2 facts:
As stated in other answers, Tensorflow built-in metrics precision and recall don't support multi-class (the doc says will be cast to bool
)
There are ways of getting one-versus-all scores by using precision_at_k by specifying the class_id
, or by simply casting your labels
and predictions
to tf.bool
in the right way.
Because this is unsatisfying and incomplete, I wrote tf_metrics
, a simple package for multi-class metrics that you can find on github.

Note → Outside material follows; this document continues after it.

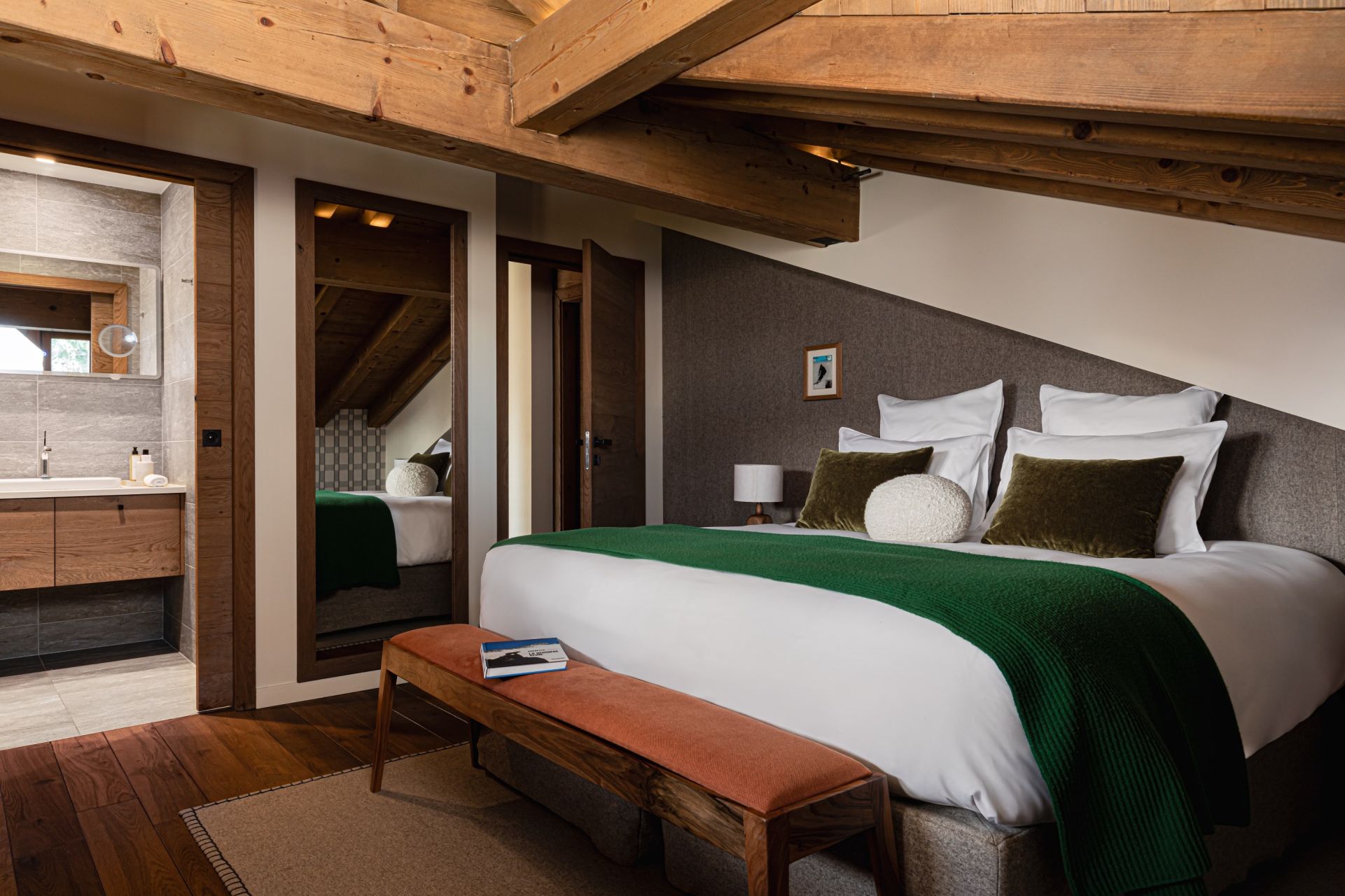 chalet de luxe 12 Pièces en location saisonnière sur COURCHEVEL VILLAGE (73120)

It supports multiple averaging methods like scikit-learn
.
Example
import tensorflow as tf
import tf_metrics
y_true = [0, 1, 0, 0, 0, 2, 3, 0, 0, 1]
y_pred = [0, 1, 0, 0, 1, 2, 0, 3, 3, 1]
pos_indices = [1] # Metrics for class 1 -- or
pos_indices = [1, 2, 3] # Average metrics, 0 is the 'negative' class
num_classes = 4
average = 'micro'
# Tuple of (value, update_op)
precision = tf_metrics.precision(
y_true, y_pred, num_classes, pos_indices, average=average)
recall = tf_metrics.recall(
y_true, y_pred, num_classes, pos_indices, average=average)
f2 = tf_metrics.fbeta(
y_true, y_pred, num_classes, pos_indices, average=average, beta=2)
f1 = tf_metrics.f1(
y_true, y_pred, num_classes, pos_indices, average=average)